### Dataset extract
• • •

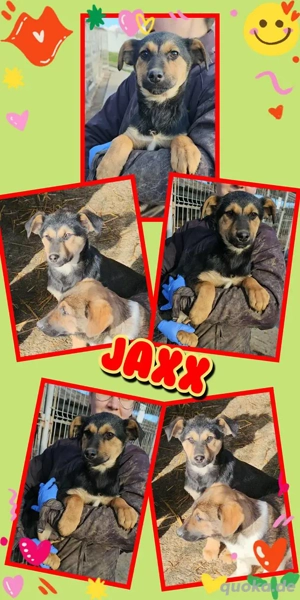 wunderschöner Welpenjunge "Jaxx" hofft auf ein neues Leben und eine Familie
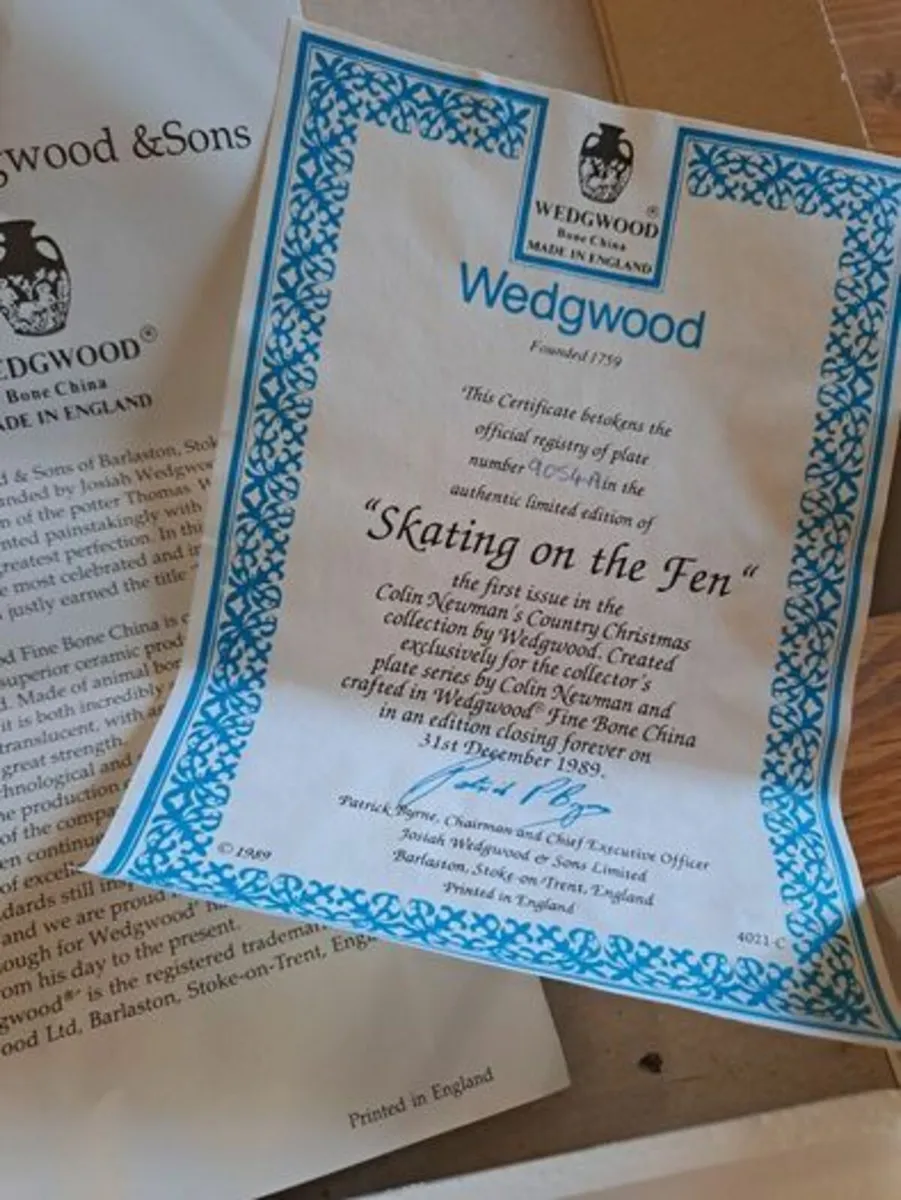 Skating on the Fen Plate wall plate - Image 4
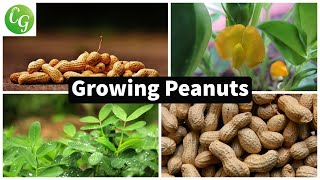 How to grow Peanuts in your home garden [upl. by Alexandro949]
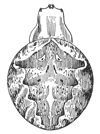 Fig. 391. Epeira cinerea.— Back of female enlarged twice.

• • •

### Task
Return every line above verbatim, pictures excluded.

### Exercise solution
 wunderschöner Welpenjunge "Jaxx" hofft auf ein neues Leben und eine Familie
 Skating on the Fen Plate wall plate - Image 4
 How to grow Peanuts in your home garden [upl. by Alexandro949]
 Fig. 391. Epeira cinerea.— Back of female enlarged twice.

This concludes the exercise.